青葉台旭のノートブック

「魔女の暦」を読んだ

「魔女の暦」を読んだ

作 横溝正史

角川文庫版

収録作(丸カッコ内は、初出年)

  • 魔女の暦(1958)
  • 火の十字架(1958)

横溝正史の小説について

横溝正史の作品は大きく以下の三つの時代に分けられると思う。

  1. 戦前
  2. 終戦直後(昭和20年代)
  3. 高度経済成長期(昭和30年代)

舞台は、大きく二つに分けられる。

  • 田舎
  • 都会

横溝作品の中で最も注目され何度も映画化されているのは、時代が「終戦直後」で、かつ「田舎が舞台」の金田一耕助ものだ。
私も、この時代に書かれた田舎が舞台の金田一ものには、単なる推理小説以上の何かが有ると思う。
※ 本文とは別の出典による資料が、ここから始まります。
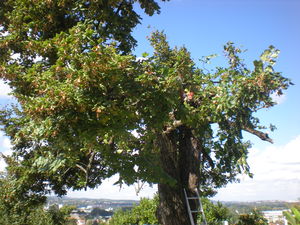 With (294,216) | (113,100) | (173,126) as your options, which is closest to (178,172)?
(173,126)

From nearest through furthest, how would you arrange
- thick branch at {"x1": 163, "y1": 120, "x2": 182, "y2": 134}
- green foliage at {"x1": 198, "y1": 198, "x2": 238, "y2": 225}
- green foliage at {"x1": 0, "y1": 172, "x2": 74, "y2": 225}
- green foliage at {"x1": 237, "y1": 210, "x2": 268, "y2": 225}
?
thick branch at {"x1": 163, "y1": 120, "x2": 182, "y2": 134}, green foliage at {"x1": 0, "y1": 172, "x2": 74, "y2": 225}, green foliage at {"x1": 237, "y1": 210, "x2": 268, "y2": 225}, green foliage at {"x1": 198, "y1": 198, "x2": 238, "y2": 225}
対して、高度経済成長期(昭和30年代)の都会(主に東京)を舞台にした作品は、ほとんど注目されていない。
実際に読んでみても、文学として胸に迫る事もないし、推理小説としての驚きも少ない。
あまり褒(ほ)められない出来の作品が多い。

この違いが何処(どこ)から来るのかについて私なりに思うところは有るが、それは別の機会に書きたいと思う。
ひとつ言えるのは、戦後〜昭和30年代に横溝が書いた作品は膨大な数に上るという事だ。
生活のため粗製濫造(そせいらんぞう)的に書き飛ばしていたのかも知れない。

人気の無い「昭和30年代の都会を舞台にした」金田一耕助ものではあるが、2022年の今あらためて読んでみると、これはこれで味わいがある。
そこに描かれた昭和30年代の風俗が、レトロな魅力を醸(かも)し出している。